Não decidir, decidindo...
A Altice saltou novamente para as primeiras página dos jornais. Ao mesmo tempo que está em marcha um violentíssimo ataque a milhares de trabalhadores da PT, que detém, a multinacional francesa prepara a aquisição de um importante grupo económico de comunicação social, a Mediacapital, detentora da TVI, a principal estação de televisão privada.
A questão está na coragem do Governo de decidir contra a Altice
Dir-se-á que é o «normal funcionamento do mercado», um dos muitos negócios numa economia aberta, tudo «dentro da lei», e que nada haverá a fazer a não ser esperar pela intervenção das chamadas entidades reguladoras, essas miríficas instituições por onde o capitalismo monopolista se esconde. Uma vez mais o País está confrontado com a voragem de multinacionais estrangeiras, que assaltam os seus sectores estratégicos, com uma concentração crescente da propriedade e dos lucros que não ficam cá, com reflexos nos trabalhadores, mas também na economia e na vida democrática do País.
A Altice não criou até hoje um único posto de trabalho em Portugal. Entrou no País, como tantas outras, adquirindo uma grande empresa já existente prosseguindo depois uma estratégia de redução de custos – cortando no investimento, na investigação, nos compromissos com o Estado, nos direitos dos trabalhadores. «Ganhar valor» para futuros negócios segundo a gíria do PSI-20. Nem mais nem menos do que o destino de muitas outras empresas que foram privatizadas nas últimas décadas.
No caso da PT, cujo processo de privatização se iniciou em 1995, a última machadada foi dada em 2013 com a eliminação da chamada Golden Share, uma derradeira mas importante garantia que o Estado português detinha. Foi uma das primeiras decisões concretizada no âmbito do Pacto de Agressão que PSD, PS e CDS assumiram com o FMI, a UE e o BCE, mostrando que mais do que o controlo das contas públicas o verdadeiro objectivo foi o de facilitar ainda mais a apropriação privada de recursos nacionais. PS, PSD e CDS partilham por inteiro responsabilidades políticas sobre as privatizações, que só foram entretanto travadas perante a correlação de forças alcançada após as eleições de 2015.
Envolvida em escândalos financeiros como os do Grupo Espírito Santo, porta giratória entre governantes e administradores, praça de grandes operações financeiras como a aquisição da Vivo no Brasil, plataforma de evasão fiscal como o do gigantesco negócio da venda da Vivo à Telefónica, a PT acabou nas mãos da Altice. Aquela que foi a maior empresa do País – pelos mais de 10 mil trabalhadores, pelos centros de investigação, pela infra-estrutura estratégica, pela dimensão e cobertura nacional – está a ser preparada para, uma vez desmembrada/destruída, ser vendida noutros apetecíveis negócios.

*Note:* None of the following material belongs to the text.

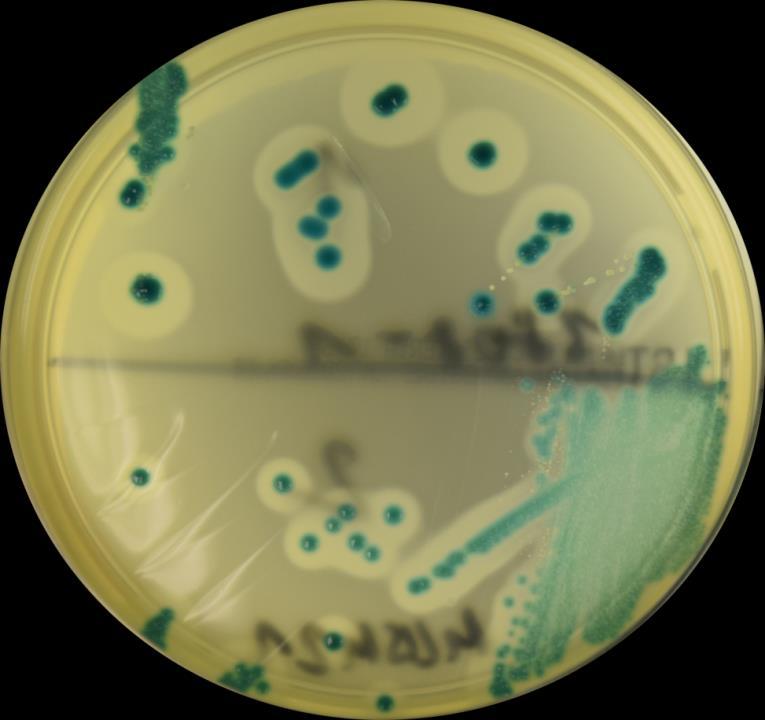 Listeria monocytogenes Differenzierung Listeria spp.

E é sobre os trabalhadores que recai a mais imediata ameaça: para concretizar o despedimento de cerca de 3000, centenas deles estão a ser transferidos para empresas recém-criadas pelo grupo (visando a perda de direitos e seu despedimento futuro), outros a ser alvo de pressões, entre elas a colocação em salas de «disponíveis» sem tarefas atribuídas visando forçá-los a cederem às «rescisões amigáveis».
Concentração e submissão
Por outro lado, a concretizar-se a compra pela Altice da Mediacapital, seria dado um passo preocupante na concentração do sector do audiovisual, com o dono da principal plataforma de distribuição do sinal a deter simultaneamente o principal operador de televisão. Negócio com consequências em todo o sector e que teria como inevitável desenlace novas fusões e aquisições nesta área.
Face aos objectivos da Altice, a resposta não pode ser a que PSD e CDS ensaiaram, assumindo as dores da multinacional francesa. Mas não basta fazer um ar zangado, como o do actual primeiro-ministro – agravado pela circunstância das suas inúmeras falhas no SIRESP e noutras dimensões dos serviços públicos que controla ou a que está obrigada – mas sem as medidas concretas para travar a impunidade com que a Altice actua. É uma forma de decidir... Do mesmo modo que não há nenhuma interpretação criativa do Código do Trabalho que possa dar cobertura a uma estratégia de destruição da PT, o Governo português não pode também aceitar um negócio (Mediacapital) que colocaria nas mãos da Altice um poder que mais ninguém detém. Uma vez mais a questão estará na coragem e determinação do poder político de decidir pelos interesses nacionais contra as intenções de uma multinacional.
E se no plano imediato, se coloca como exigência travar os objectivos da Altice, a resposta de fundo só será alcançada pela recuperação do controlo público da PT. Ou isso, ou a destruição de um «activo» do País e a perda de soberania nacional.